**Exercise prompt**
Would you repeat the listing below exactly, with no pictures in it?

**Stored data**

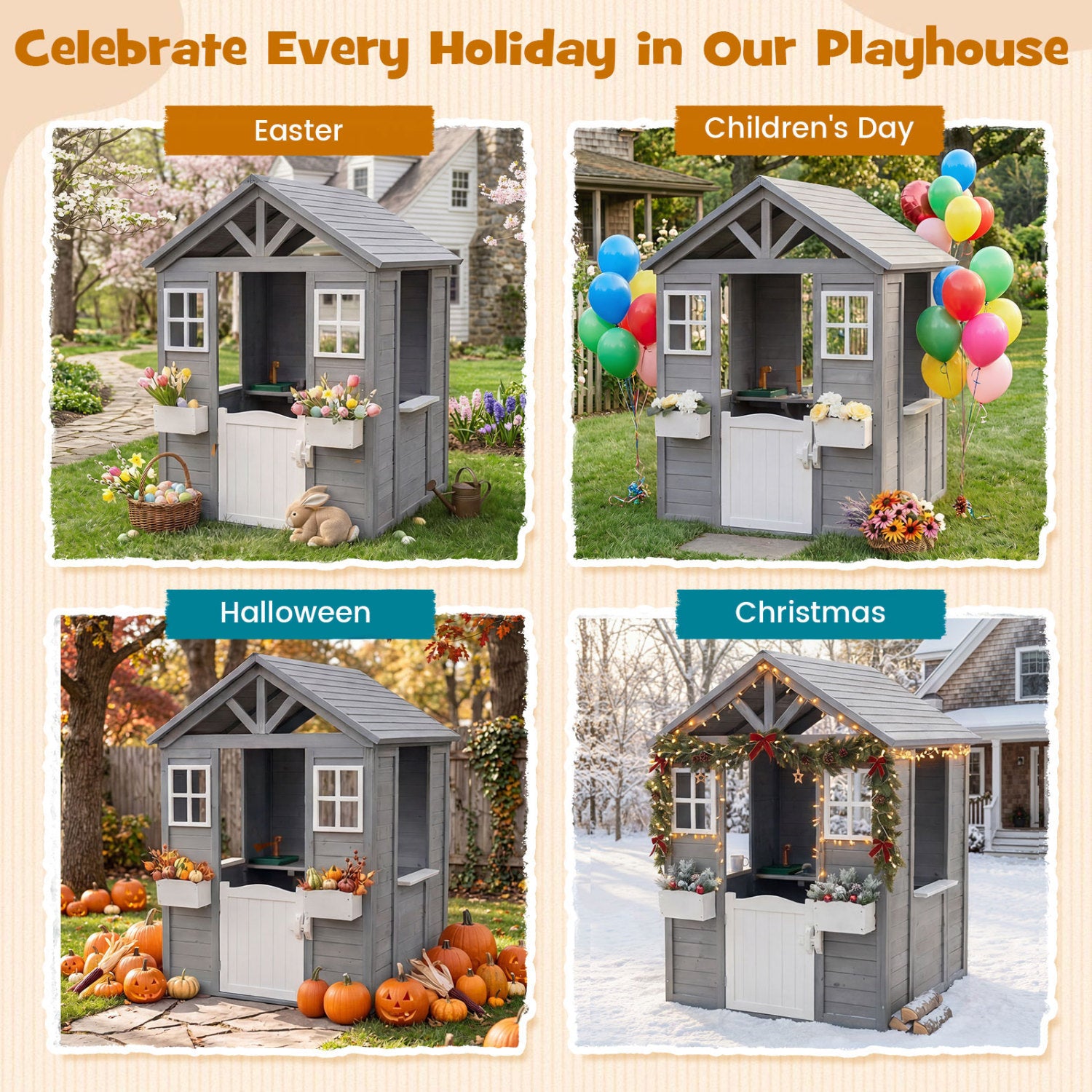 Kids Outdoor Playhouse with Sink, Gray Spruce Wooden Play Tents & Playhouse at Gallery Canada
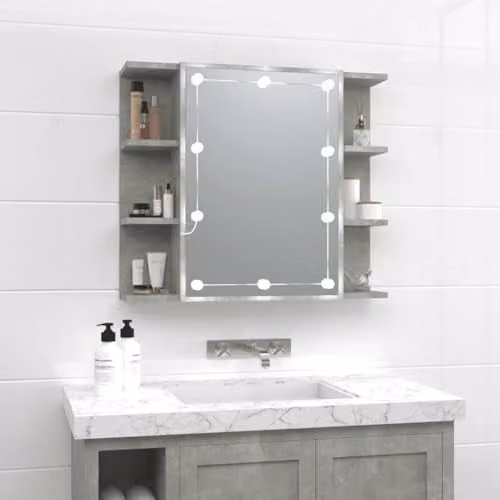 vidaXL Modern Mirror Cabinet with LED Lighting in Matt Concrete Grey, W/D/H: 70 x 16.5 x 60 cm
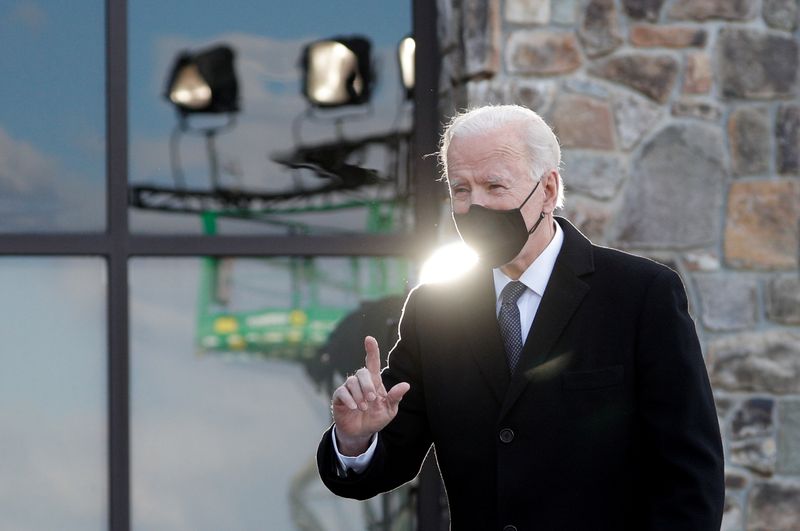 &copy; Reuters. FILE PHOTO:  Joe Biden visits Beau Biden National Guard/Reserve Center in New Castle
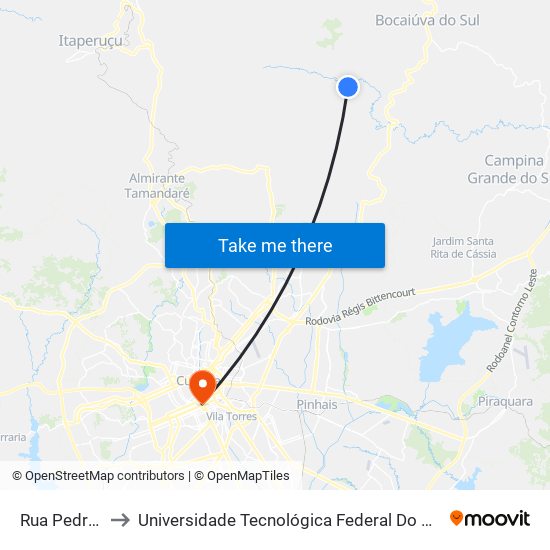 Rua Pedro Poli, 1000 to Universidade Tecnológica Federal Do Paraná - Campus Curitiba - Sede Centro map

**Solved problem**
 Kids Outdoor Playhouse with Sink, Gray Spruce Wooden Play Tents & Playhouse at Gallery Canada
 vidaXL Modern Mirror Cabinet with LED Lighting in Matt Concrete Grey, W/D/H: 70 x 16.5 x 60 cm
 &copy; Reuters. FILE PHOTO:  Joe Biden visits Beau Biden National Guard/Reserve Center in New Castle
 Rua Pedro Poli, 1000 to Universidade Tecnológica Federal Do Paraná - Campus Curitiba - Sede Centro map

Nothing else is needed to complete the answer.